Derken onları sayha, bihakkın alıverdi de kendilerini bir seyl süpürüntüsü yapıverdik, artık öyle bir defolmuş oldu ki o kavim, o zalimler!

— Elmalılı Hamdi Yazır

Gerçekten onları müthiş bir çığlık yakaladı. Ve onları bir süprüntü yığını haline getirdik. Zulmeden kavim uzak olsun.

— İbni Kesir

Derken onları o korkunç ses, kaçınılmaz olarak kıskıvrak yakalayıverdi de kendilerini çör çöp yığını hâline getirdik. Zalimler topluluğu, Allah’ın rahmetinden uzak olsun!

— Diyanet İşleri

İşte onları o müdhiş (azâb) sayha (sı), (Allahın bir) adalet (i) olmak üzere, hemen yakalayıverdi de bir çörçöp haaline getirdik onları. Artık uzak olsun zaalimler güruhu!

— Hasan Basri Çantay

Derken ansızın hakettikleri müthiş bir gürültüye tutuluverdiler de kendilerini sel süprüntüsüne dönüştürdük.

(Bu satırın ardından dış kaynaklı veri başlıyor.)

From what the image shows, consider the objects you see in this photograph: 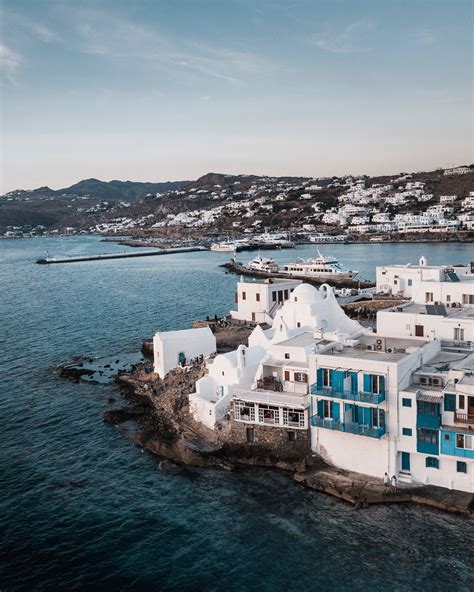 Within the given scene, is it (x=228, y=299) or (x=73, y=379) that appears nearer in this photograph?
(x=73, y=379)

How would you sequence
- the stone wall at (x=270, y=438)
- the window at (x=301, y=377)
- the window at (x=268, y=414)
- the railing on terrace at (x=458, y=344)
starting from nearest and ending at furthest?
the stone wall at (x=270, y=438) < the window at (x=268, y=414) < the window at (x=301, y=377) < the railing on terrace at (x=458, y=344)

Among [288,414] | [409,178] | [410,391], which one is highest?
[409,178]

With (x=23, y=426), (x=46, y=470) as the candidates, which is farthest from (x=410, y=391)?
(x=23, y=426)

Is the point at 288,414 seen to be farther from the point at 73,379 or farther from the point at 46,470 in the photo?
the point at 73,379

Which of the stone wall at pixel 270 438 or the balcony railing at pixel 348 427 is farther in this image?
the stone wall at pixel 270 438

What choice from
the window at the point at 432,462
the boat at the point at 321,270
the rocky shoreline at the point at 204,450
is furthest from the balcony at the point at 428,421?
the boat at the point at 321,270

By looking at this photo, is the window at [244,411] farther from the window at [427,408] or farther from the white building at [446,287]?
the white building at [446,287]
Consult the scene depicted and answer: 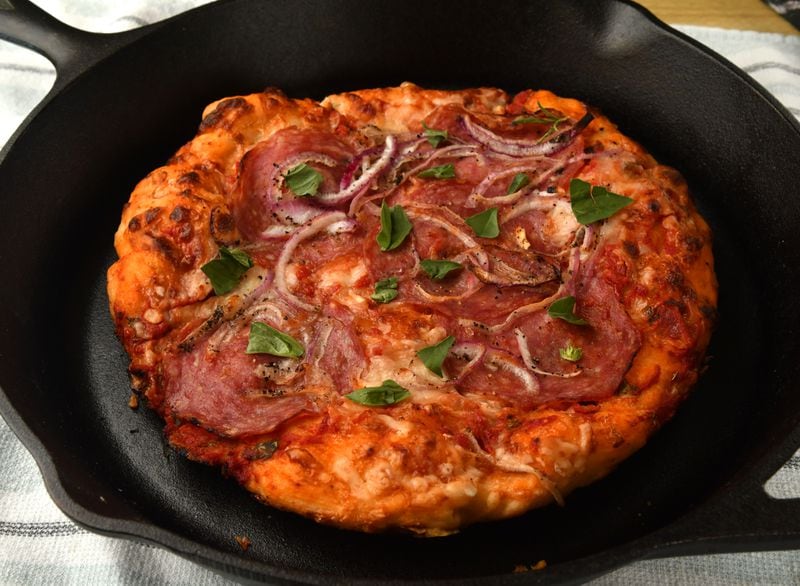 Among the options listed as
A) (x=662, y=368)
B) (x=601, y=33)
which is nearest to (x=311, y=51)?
(x=601, y=33)

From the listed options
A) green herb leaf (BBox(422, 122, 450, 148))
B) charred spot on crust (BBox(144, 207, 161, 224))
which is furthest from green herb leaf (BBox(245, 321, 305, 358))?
green herb leaf (BBox(422, 122, 450, 148))

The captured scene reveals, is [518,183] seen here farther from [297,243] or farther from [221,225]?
[221,225]

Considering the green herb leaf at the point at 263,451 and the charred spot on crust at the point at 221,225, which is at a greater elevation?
the charred spot on crust at the point at 221,225

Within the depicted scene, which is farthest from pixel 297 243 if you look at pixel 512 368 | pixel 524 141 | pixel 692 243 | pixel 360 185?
pixel 692 243

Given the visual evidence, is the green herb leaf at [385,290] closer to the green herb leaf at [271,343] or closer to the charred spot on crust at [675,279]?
the green herb leaf at [271,343]

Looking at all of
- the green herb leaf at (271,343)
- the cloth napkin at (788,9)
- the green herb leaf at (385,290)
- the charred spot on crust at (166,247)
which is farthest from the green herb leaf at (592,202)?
the cloth napkin at (788,9)

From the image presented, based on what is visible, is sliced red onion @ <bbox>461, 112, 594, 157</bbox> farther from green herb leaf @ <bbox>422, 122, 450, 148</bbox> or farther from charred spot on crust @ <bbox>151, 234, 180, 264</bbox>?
charred spot on crust @ <bbox>151, 234, 180, 264</bbox> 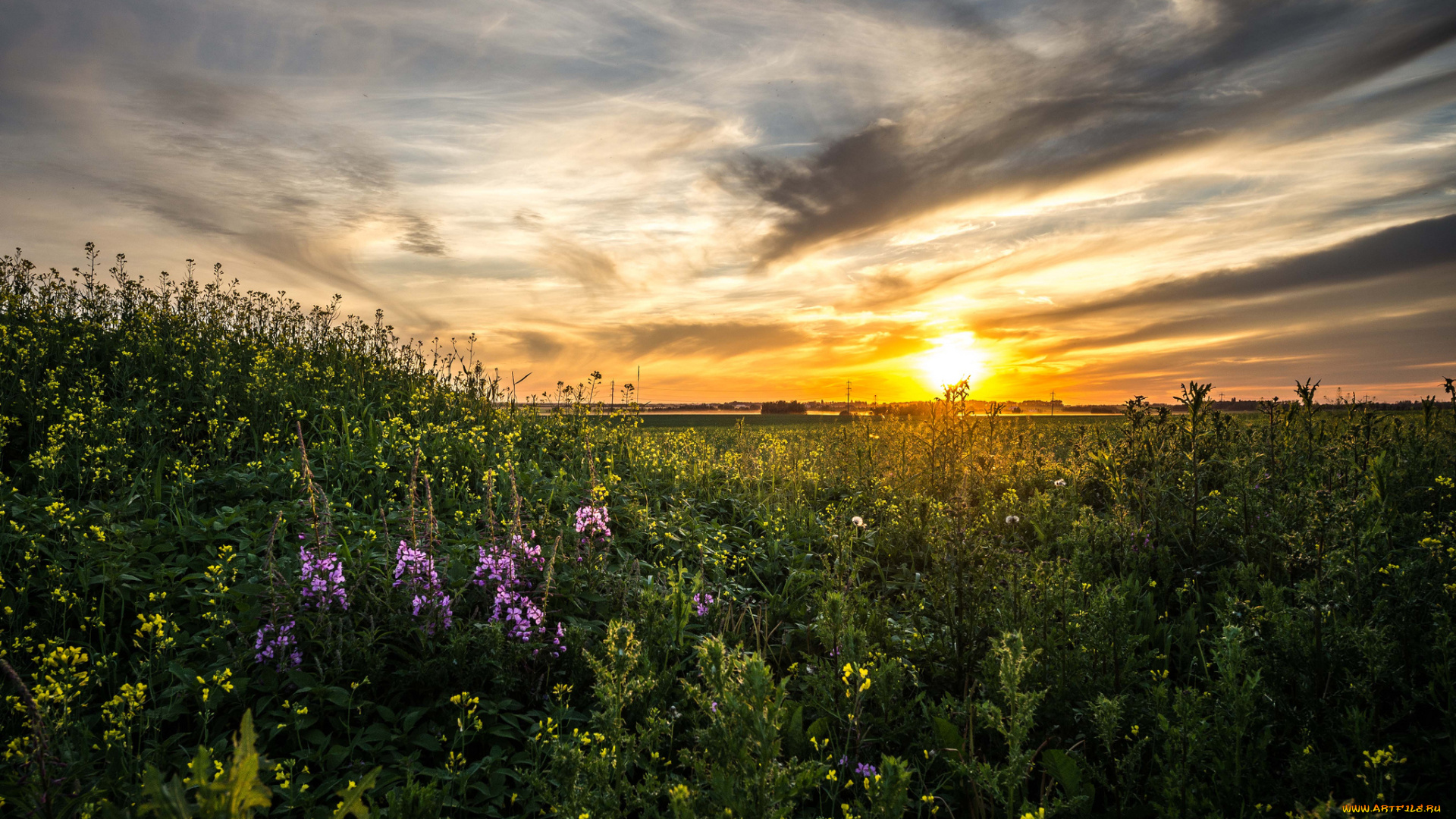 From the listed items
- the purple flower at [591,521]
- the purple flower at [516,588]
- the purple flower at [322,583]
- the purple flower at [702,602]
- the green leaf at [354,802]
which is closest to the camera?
the green leaf at [354,802]

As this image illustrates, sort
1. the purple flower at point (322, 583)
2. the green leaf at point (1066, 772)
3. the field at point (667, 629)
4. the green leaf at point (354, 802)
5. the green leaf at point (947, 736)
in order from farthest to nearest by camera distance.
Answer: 1. the purple flower at point (322, 583)
2. the green leaf at point (947, 736)
3. the green leaf at point (1066, 772)
4. the field at point (667, 629)
5. the green leaf at point (354, 802)

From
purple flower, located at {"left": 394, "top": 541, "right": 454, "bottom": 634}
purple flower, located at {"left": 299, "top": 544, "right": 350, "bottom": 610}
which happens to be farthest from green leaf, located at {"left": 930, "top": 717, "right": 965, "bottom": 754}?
purple flower, located at {"left": 299, "top": 544, "right": 350, "bottom": 610}

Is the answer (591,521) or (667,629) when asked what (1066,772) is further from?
(591,521)

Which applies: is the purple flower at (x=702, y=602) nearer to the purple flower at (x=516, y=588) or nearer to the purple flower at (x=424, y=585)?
the purple flower at (x=516, y=588)

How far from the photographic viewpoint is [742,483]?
7.87 metres

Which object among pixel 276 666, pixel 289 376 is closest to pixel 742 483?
pixel 276 666

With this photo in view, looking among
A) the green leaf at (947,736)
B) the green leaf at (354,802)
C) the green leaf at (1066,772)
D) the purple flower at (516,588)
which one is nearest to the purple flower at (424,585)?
the purple flower at (516,588)

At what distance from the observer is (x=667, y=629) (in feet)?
13.1

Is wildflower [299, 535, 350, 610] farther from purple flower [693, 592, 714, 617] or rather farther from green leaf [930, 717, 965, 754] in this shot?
green leaf [930, 717, 965, 754]

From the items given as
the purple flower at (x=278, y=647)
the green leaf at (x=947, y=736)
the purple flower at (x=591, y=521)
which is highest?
the purple flower at (x=591, y=521)

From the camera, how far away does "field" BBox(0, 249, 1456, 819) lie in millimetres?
2602

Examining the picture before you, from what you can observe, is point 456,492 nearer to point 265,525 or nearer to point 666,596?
point 265,525

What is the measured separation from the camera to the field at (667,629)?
2.60 metres

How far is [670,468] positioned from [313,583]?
4524 millimetres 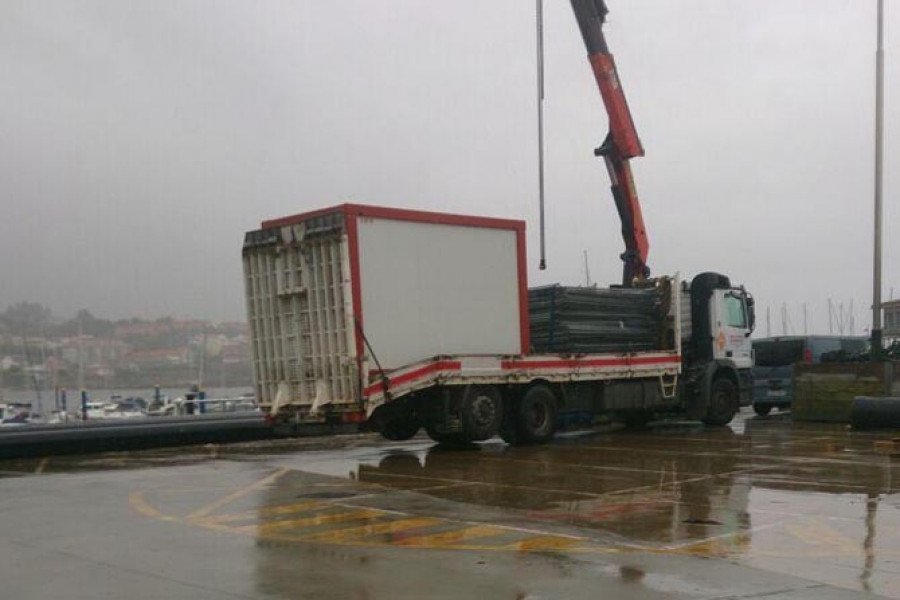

Kahrolsun zalimler güruhu!

— Seyyid Kutub

ثُمَّ أَنشَأْنَا مِنۢ بَعْدِهِمْ قُرُونًا ءَاخَرِينَ ﴿٤٢

Sonra arkalarından başka karnlar inşâ ettik.

— Elmalılı Hamdi Yazır

Sonra bunların ardından başka bir nesil yarattık.

— İbni Kesir

Sonra bunların arkalarından başka nesiller yarattık.

— Diyanet İşleri

Sonra onların ardından da başka başka nesiller yaratdık.

— Hasan Basri Çantay

Onların ardından başka kuşaklar ortaya çıkardık.

— Seyyid Kutub

مَا تَسْبِقُ مِنْ أُمَّةٍ أَجَلَهَا وَمَا يَسْتَـْٔخِرُونَ ﴿٤٣

Hiç bir ümmet, ecelini sebkedemez ve geriletemezler.

— Elmalılı Hamdi Yazır

Hiç bir ümmet, kendi süresini öne de alamaz, geriye de bırakamaz.

— İbni Kesir

Hiçbir ümmet, kendi ecelinin önüne geçemez, onu geciktiremez de.

— Diyanet İşleri

Hiçbir ümmet (helakleri için mukadder) vaktini beriye getiremeyeceği gibi (bundan) geri de kalamazlar.

— Hasan Basri Çantay

Hiç bir ümmet, ecelini ne öne alabilir ve ne de erteleyebilir.

— Seyyid Kutub

ثُمَّ أَرْسَلْنَا رُسُلَنَا تَتْرَاۖ كُلَّ مَا جَآءَ أُمَّةً رَّسُولُهَا كَذَّبُوهُۚ فَأَتْبَعْنَا بَعْضَهُم بَعْضًا وَجَعَلْنَٰهُمْ أَحَادِيثَۚ فَبُعْدًا لِّقَوْمٍ لَّا يُؤْمِنُونَ ﴿٤٤

Sonra ardı ardına Resullerimizi gönderdik, her ümmetle Resul’ü geldikçe onu tekzib ettiler, biz de onları birbiri ardınca yuvarladık ve hepsini birer efsâne yaptık, artık defolsun öyle bir kavim ki imana gelmezler.

— Elmalılı Hamdi Yazır

Sonra birbiri ardı sıra peygamberlerimizi gönderdik. Her ümmete peygamber geldikçe onu yalanladılar. Biz de onları birbiri ardı sıra yok edip hepsini birer söylenti yaptık. İnanmayan bir kavim uzak olsun.

— İbni Kesir

Sonra arka arkaya peygamberlerimizi gönderdik. Her ümmete kendi peygamberi geldikçe, onu yalanladılar. Biz de onları birbiri ardından helâk ettik ve onları birer ibretli hikâye yaptık. Artık inanmayan bir kavim, Allah’ın rahmetinden uzak olsun!

— Diyanet İşleri

Sonra peyderpey (diğer) peygamberlerimizi gönderdik. Bir ümmete peygamberi geldikçe onu tekzîb etdiler. Biz de onlardan kimini kiminin arkasına katdık (helak etdik) ve onları hikâyeler yapdık. Artık uzak olsun îmana gelmeyecek bir kavm!

— Hasan Basri Çantay

Sonra ardarda peygamberlerimizi gönderdik. Hangi ümmete peygamberi geldi ise onu yalanladılar. Biz de onları birbiri peşisırâ yokederek tarihi olaylara dönüştürdük. Kahrolsun inanmayanlar güruhu!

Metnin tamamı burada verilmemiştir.